Les familles d'accueil sous la loupe des chercheurs

Les professeures Annamaria Colombo et Béatrice Lambert ont mené une étude sur les conditions de placement en famille d'accueil en Suisse.

Dans certaines situations de placement, l'avis de l'enfant concerné n'est pas pris en compte pour la décision finale. © La Télé

La Télé: Cette étude est une première nationale, on peut se demander pourquoi cela n'a pas été fait avant.

Annamaria Colombo: Dans l'histoire, des recherches sur le placement des enfants en Suisse ont déjà été menées, mais de manière dispersée, avec notamment un focus sur les placements en foyer plutôt que dans les familles d'accueil. Il n'y a surtout pas eu de grandes enquêtes coordonnées sur l'ensemble de la Suisse. Il existe une ordonnance fédérale sur le placement qui donne une direction générale, mais dans les faits, les cantons ont une grosse marge de manœuvre.

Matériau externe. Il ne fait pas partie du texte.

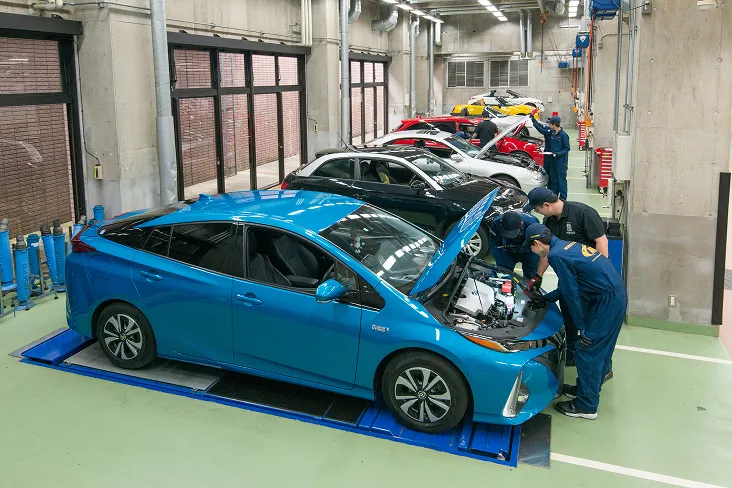 並んだ複数の車種のボンネットを開き整備実習を行っている様子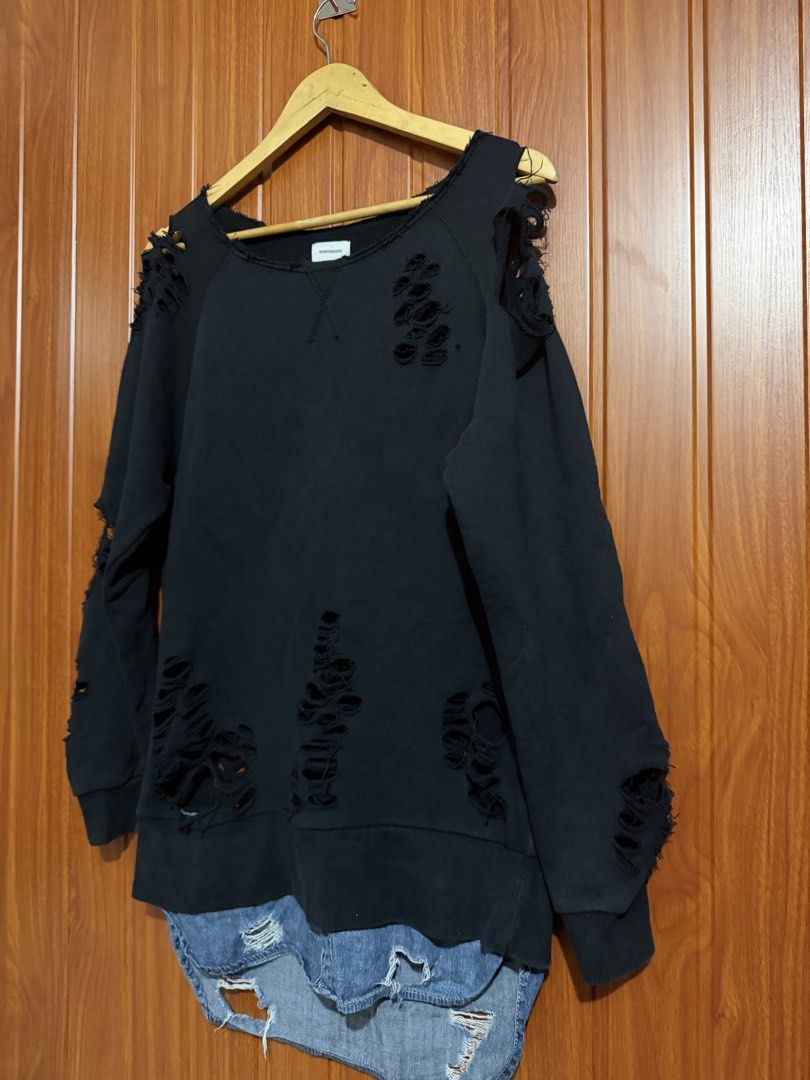 MIHARAYASUHIRO Distressed Black Sweatshirt (Category: Coats, Jackets and Outerwear) located in Manila. Submitted by tlfph (Listing ID 1464539886, Image 2). Description: - Brand: MIHARAYASUHIRO - Color: Black - Style: Distressed sweatshirt - Features: All-over cut-outs and rips - Sleeves: Long with ribbed cuffs - Neckline: Crew neck - Look: Unique streetwear piece, great for layering.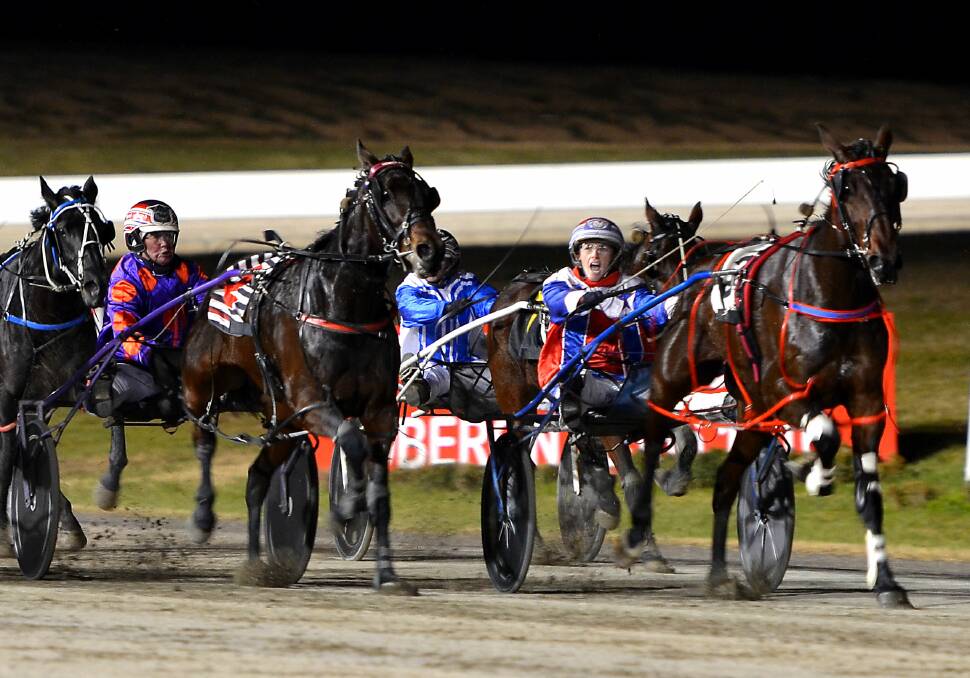 COME ON: Amanda Turnbull urges Akuma on down the home straight as the Bernie Hewitt driven No Nay Never threatens on the outside. Photo: ANYA WHITELAW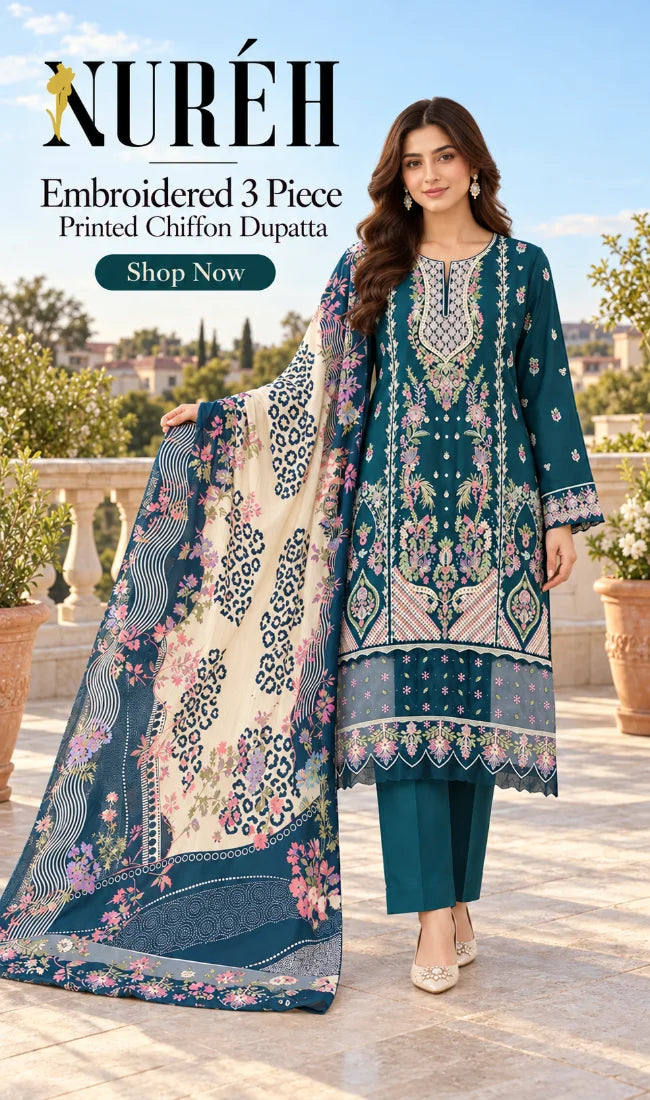 A woman models a three-piece embroidered chiffon suit by NURÉH, featuring a teal kurta with intricate floral embroidery, matching teal pants, and a large printed dupatta with cream, teal, and floral patterns, set against an outdoor terrace background.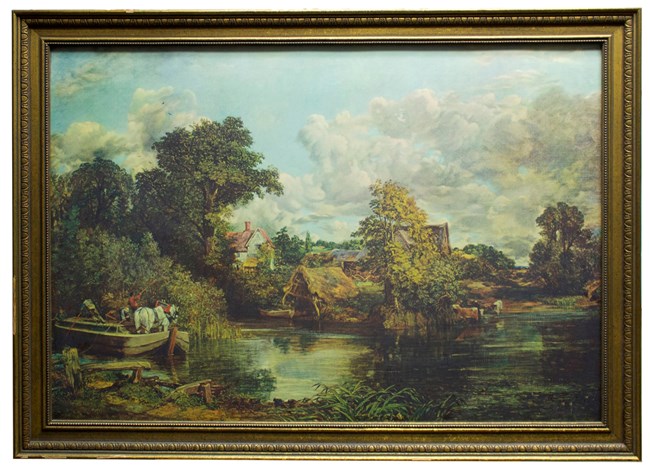 A painting of a white harnessed horse being ferried across a river by four men in a pole boat. A thatched boathouse and rowboat, brush, reeds, and three wading cows are on the river’s edge. Cottages and trees fill the background, and a partly cloudy sky.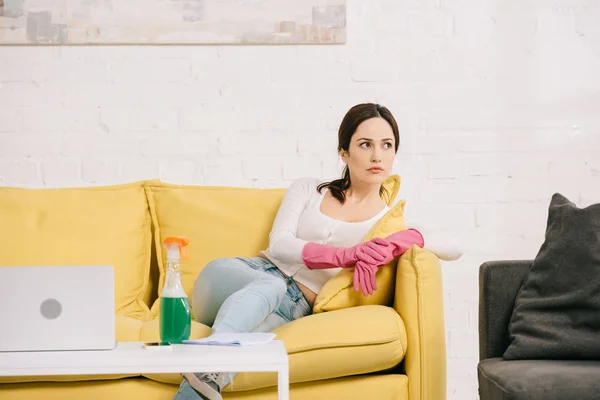 Tired housewife looking away while sitting on yellow sofa near table with laptop and spray bottle — Stock Photo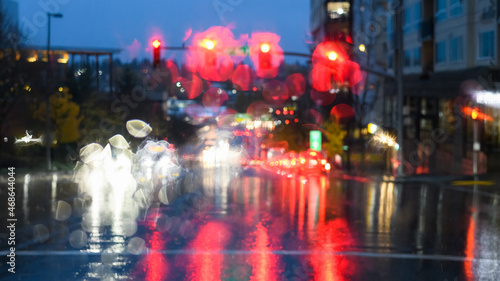 Heavy rain obscured traffic lights and car headlights at a road junction at dusk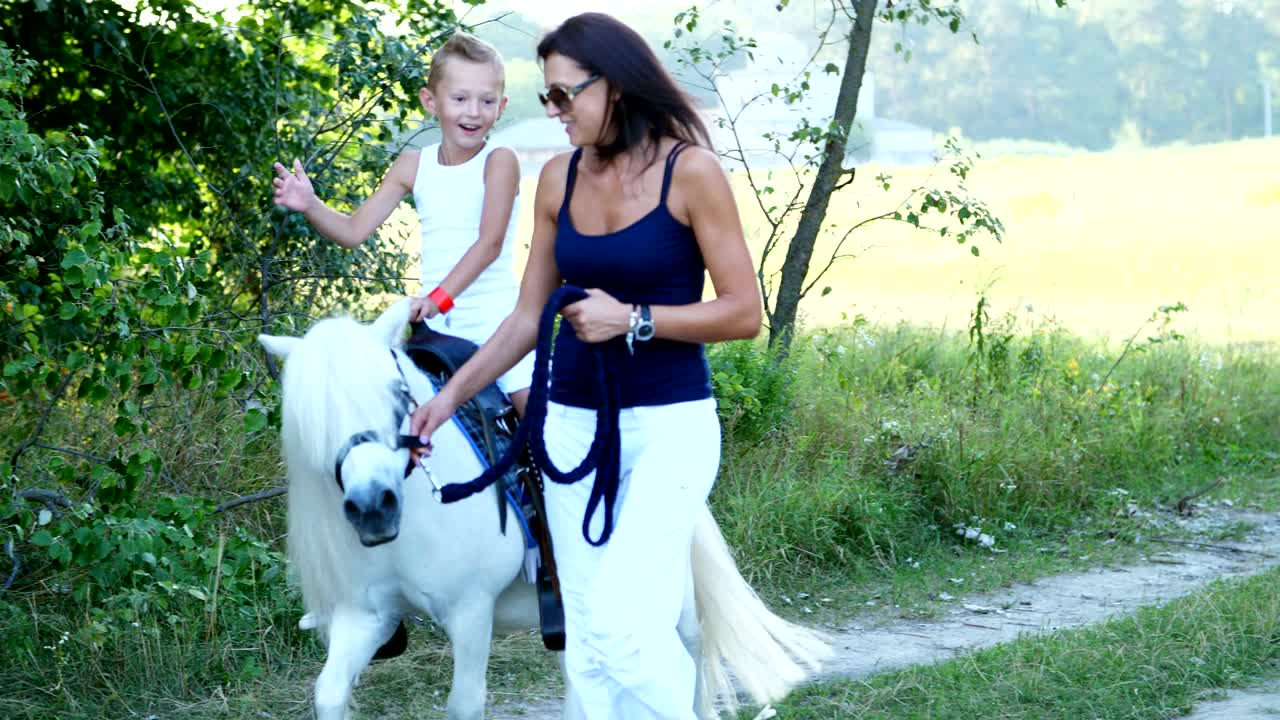 A woman and a boy are walking around the field, son is riding a pony, mother is holding a pony for a bridle. Cheerful, happy family vacation. Outdoors, in summer, near the forest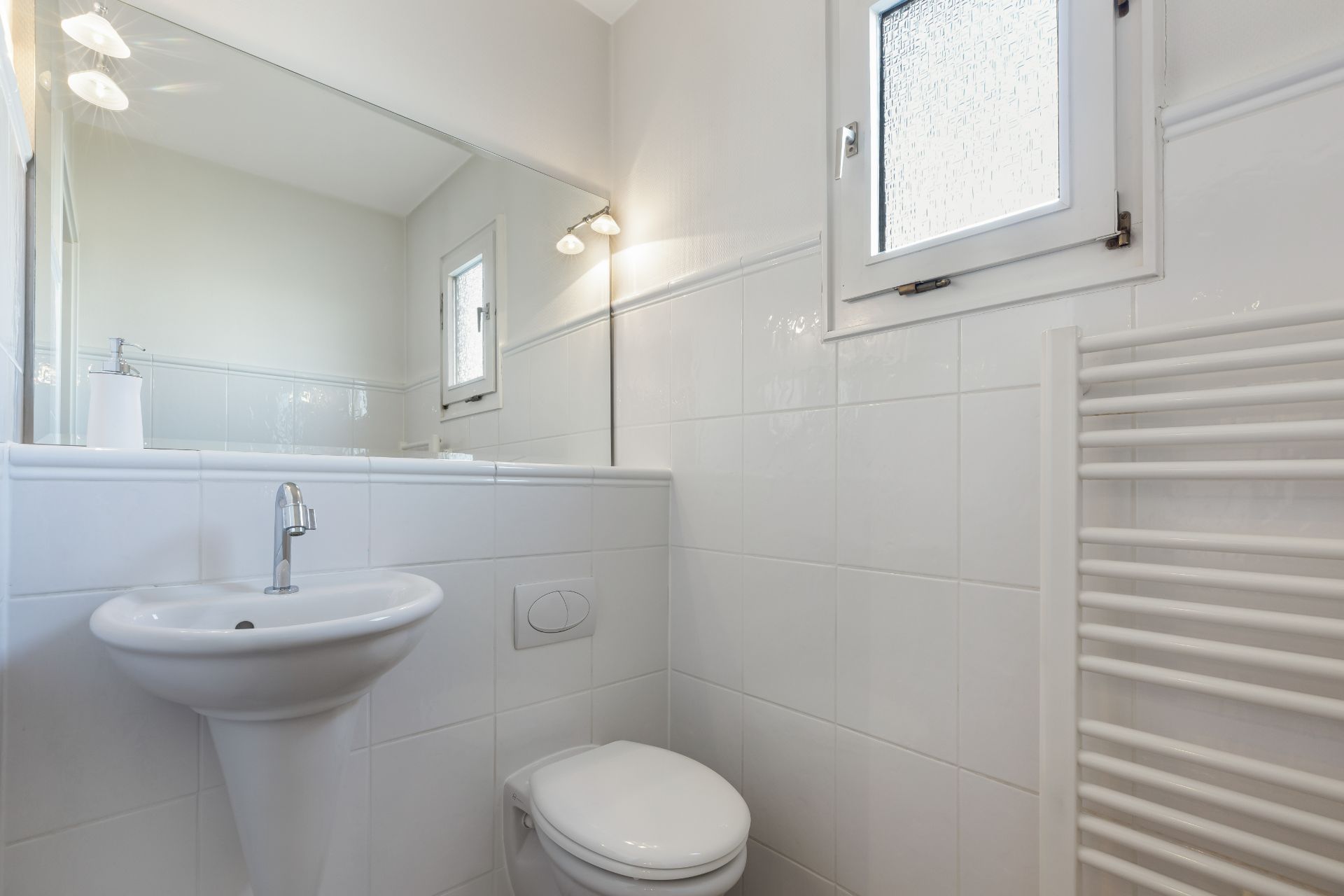 Helles Badezimmer mit Waschbecken, WC, Handtuchheizkörper und Fenster.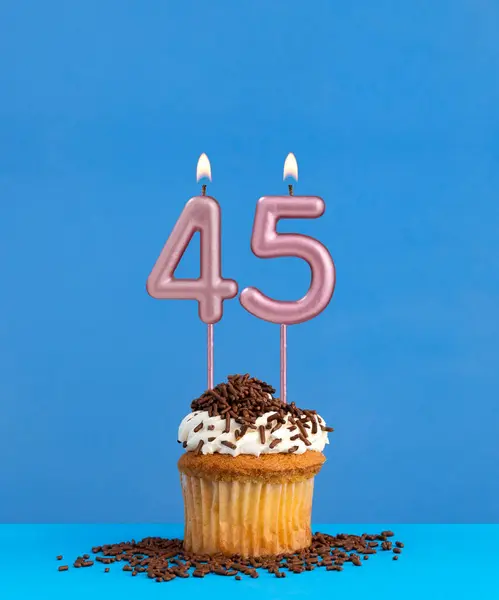 Birthday candle with cupcake on blue background - Number 45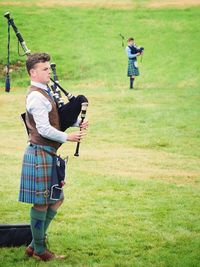 Full length of man playing on field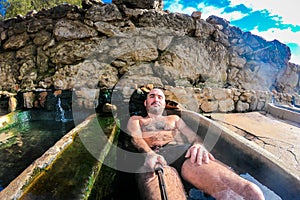 Man enjoying and relaxing in natural thermal water roman spa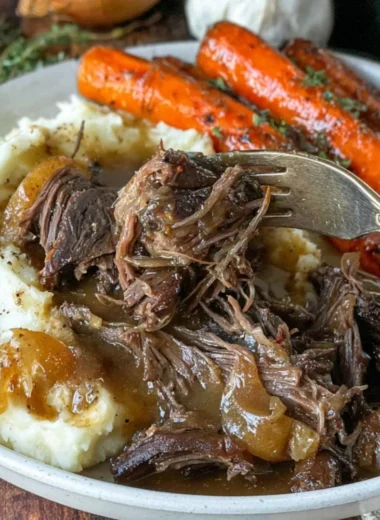 Slow Cooker Classic Pot Roast served with vegetables on a rustic table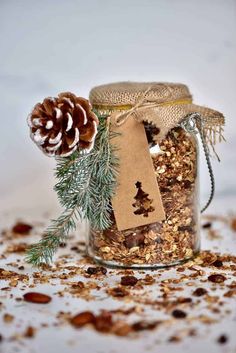 a jar filled with granola next to a pine cone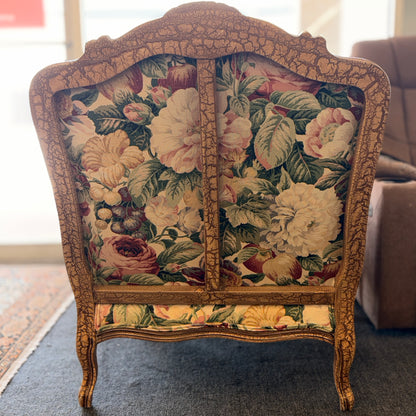 A French provincial-style armchair with an intricately carved exposed wooden frame, elegant cabriole legs, and vibrant multicolored floral fabric upholstery.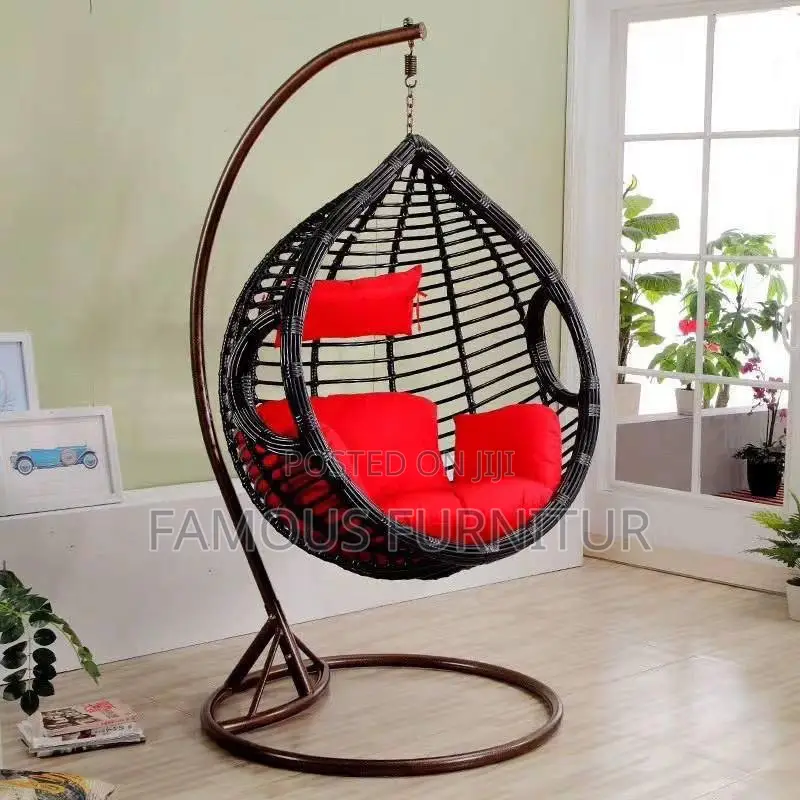 The Image Shows a Black Teardrop-Shaped Hanging Rattan Swing Chair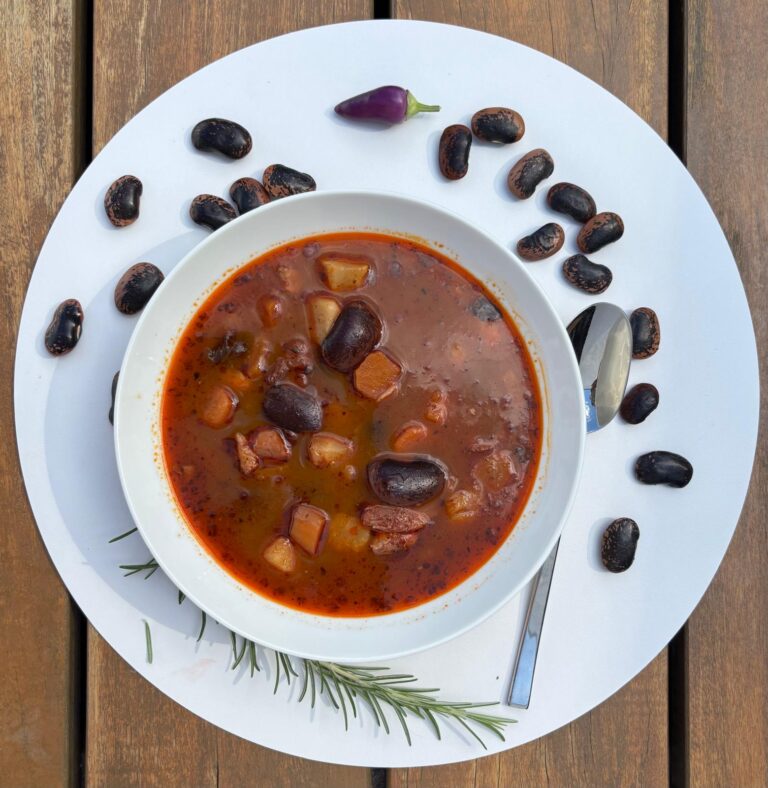 Slovak kettle bean soup with smoked meat and sausage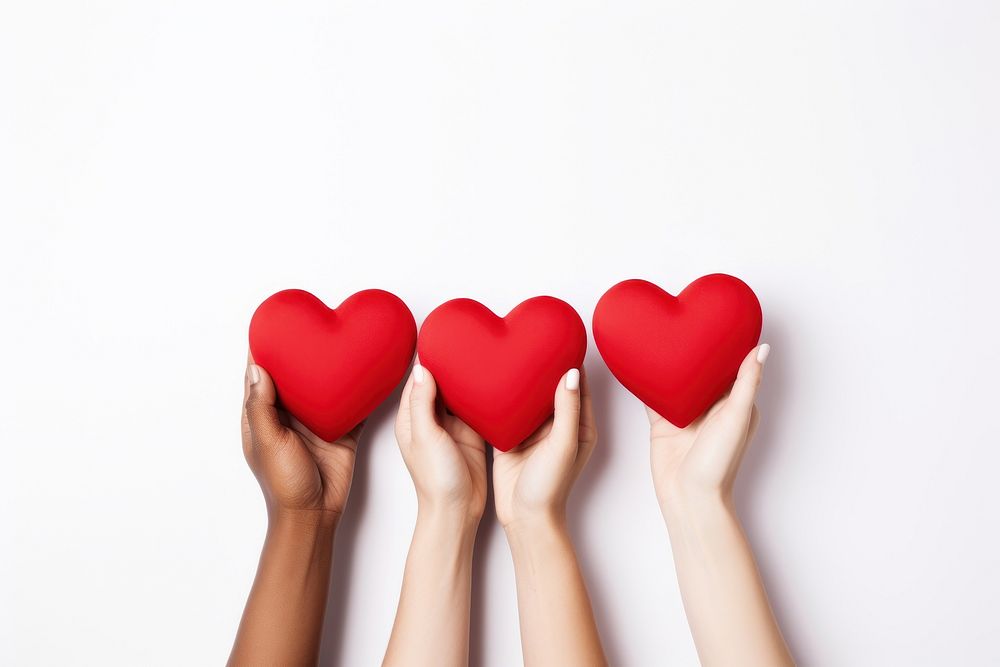 A group of person hands holding red heart shaped white background togetherness celebration. AI generated Image by rawpixel.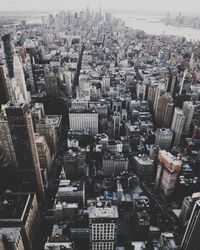 High angle view of modern buildings in city against sky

L'étude atteste justement de la liberté que prennent les cantons. Finalement, il n'existe pas de système de placement idéal.

Béatrice Lambert: Non, et heureusement. Chaque canton peut avoir sa propre vision en matière de protection de l'enfance et de mesure de placement, car chacun doit les adapter à ses besoins. Dans les États plus petits, la famille est le noyau central du dispositif, tandis que pour les plus grands, il s'agit, en principe, d'une organisation plus centralisée, dirigée par le pouvoir cantonal.

Ces différences entre les cantons ne risquent-elles pas de se répercuter sur les enfants placés, leurs parents, mais également les familles qui les accueillent? 

A.C.: Ce qui ressort de notre étude, c'est qu'il n'existe pas de système miracle qui fonctionne à l'universel. Il s'agit d'une combinaison de conditions que nous avons identifiées comme favorables au processus de placement. Par leur rôle prépondérant dans le processus, le soutien aux familles d'accueil est primordial. Cependant, notre étude a permis de constater que cela est fait de manière inégale entre les cantons, mais aussi parfois au sein d'un même État. L'accompagnement est souvent assuré, notamment en Suisse allemande, par des prestataires privés. De fait, plus il y a d'acteurs différents, plus il y aura de manière de faire.

Dans votre étude, vous proposez un schéma de développement en cinq axes (voir ci-dessus). Est-ce important de donner la parole aux enfants en priorité, bien que cela ne soit pas toujours fait?

B.L.: Oui, tout à fait, mais au milieu de toutes les procédures qui le concernent, il est souvent difficile de le faire. Une première disparité est constatable entre les placements volontaires et les placements ordonnés. Dans ce dernier cas, il est plus habituel de prendre en considération l'avis de l'enfant. Au contraire, dans les placements volontaires, les parents oublient, la plupart du temps, de considérer l'avis de l'enfant concerné.

Dans votre étude, vous évoquez également un manque global de transparence. A-t-il été constaté dans tous les cantons?

A.C.: Oui. De multiples acteurs interviennent dans le processus, entre les curateurs, les communes, les services spécialisés selon les cantons — à Fribourg, il s'agit du Service de l'enfance et de la jeunesse (SEJ) — ou même des prestataires privés. Cette pluralité des intervenants peut donner lieu à une confusion des rôles entre les professionnels eux-mêmes si ceux-ci ne sont pas clarifiés. D'un autre côté, les familles et les enfants ne savent pas non plus à qui s'adresser en cas de besoin. Fort heureusement, le système fonctionne, malgré tout, assez bien, mais le manque de clarté s'observe quand même dans tous les cantons.

Dans le canton de Fribourg, le SEJ recense 161 enfants placés dans 144 familles d'accueil. Cela implique des ressources financières et de temps.

B.L.: Effectivement, la préparation des trois parties que sont la famille d'accueil, la famille de l'enfant placé, et l'enfant lui-même prend déjà du temps. Or, le processus ne s'arrête pas au moment du placement, mais continue une fois qu'il est effectué. Le passage à la majorité est, d'ailleurs, une période à prendre en compte, où dans certains cas, les jeunes adultes devront financer eux-mêmes leur placement. Tous ces paramètres suscitent des questions auxquelles il faut se préparer.